The oeuvre of Swiss artist Mai-Thu Perret (born in 1976), who works in New York and Geneva, operates within ideological and visual frames of reference pertaining to modernism and its revolutionary potential. From the perspective of the producing recipient – Perret did not formally study fine art, but rather English literature, only later to take part in the Whitney Independent Study Program – the artist is interested in twentieth-century avant-garde movements and their vocabulary, insofar as it stands for emancipation and a belief in progress. Since 1999 Perret has been writing The Crystal Frontier, a fictional report in the form of a journal about a group of young women who have founded an secluded alternative commune somewhere in the desert in New Mexico. In conjunction with writing, Perret also creates sculptures and installations, often as hybrids between art, handicraft, design, and literature, which she identifies as hypothetical products by the protagonists of this fictional community. Perret transfers her own artistic authorship onto imaginary subjects that she herself has created.
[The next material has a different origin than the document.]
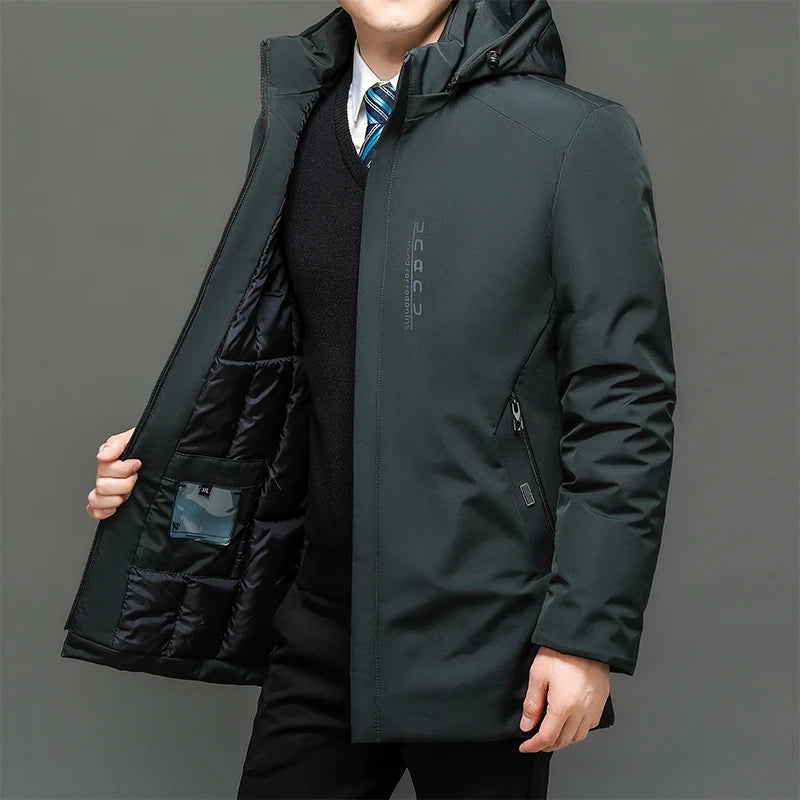 Hoodied Parka Clothes Thicken Fleece Zipper Mens Jackets Men Warm Winter Coat Men Plus Size New Waterproof Winter Jacket Men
Following on from Perret’s 2006 exhibition Apocalypse Ballet (2006), in which the artist transformed the exhibition space into an avant-garde stage set with four paper maché mannequins in frozen dance movements, Galerie Barbara Weiss is now pleased to present a second solo show by Perret entitled Bikini. Perret’s work enjoys international renown, and she recently exhibited in the Kunst Halle Sankt Gallen and in the Bonnefanten Museum in Maastricht.
On 1 July 1946, a US American B-29 dropped the first post-war atom bomb onto Bikini Atoll, thus marking the start of extensive testing. Only a few days later the French fashion designer Louis Réard sent model Micheline Bernardini down the catwalk in Paris, wearing only four small triangles of fabric that were printed with newspaper reports about the dropping of the bomb. Thus Bikini Atoll gave the name to a new fashion in bathing suits. The taboo was broken, and the striking name, which translates as “land of the coconuts,” itself had the effect of a bomb. The very skimpy new bathing suit – “like the bomb the bikini is small and devastating” – was greeted with similar moral outrage to the American atom bomb testing on Bikini.
By choosing this loaded and historically significant name for her exhibition title, Mai-Thu Perret refers to precisely these events. She places three varnished sculptures shaped like atomic mushroom clouds in the centre of the gallery, alluding to a well-known and often reproduced 1946 photo. This shows Admiral Blandy, the officer who was responsible for the test, and his wife celebrating the completion of the Operation Crossroads test series with an enormous edible “atomic cake”. By citing precisely this cake, Mai-Thu Perret recalls the inflationary and unscrupulous belief in progress that was current in the USA at the time, an ideology that had no notion of sustainability. The original atomic cake was a remarkably naive object created with simple non-technological means, and an ambivalent and provocative symbol of a narcissistic belief in simple and straightforward progress. Translated into artistic/applied art products, Perret’s atomic cakes go a step further. They appear to be simple, childish handicrafts, a “cake-like” approach to sculpture in a frozen varnished piece of art.
The colour textile banners that Perret has hung on the gallery walls are similarly ambivalent. The embroidered brick motiv is dissolved by the softness of the fabric and the folds of the material.
In addition, Mai-Thu Perret shows a silkscreen print with the pattern of the first bikini designed by Louis Réard and original drawings from her Black Noise Book, which is part of a series that she published together with John Armleder and Amy Granat in memory of their deceased friend Steven Parrino.
As the artist herself says, the exhibited objects are not directly connected to The Crystal Frontier. But they do have some similarities; they share a fascination for mystical phenomena (in this case the possibility of the total destruction of identity by the atom bomb) and also the creative reduction of symbols to simple techniques and motifs. The question of the significance of the female body is also a key concern of the artist in Bikini. A further aspect that connects the Bikini exhibition with The Crystal Frontier is the fact that later American nuclear tests took place in the North American deserts, in Death Valley or New Mexico. As Perret’s invented women’s commune is also supposed to be located somewhere there, then this represents a certain continuity – of secrecy and isolation.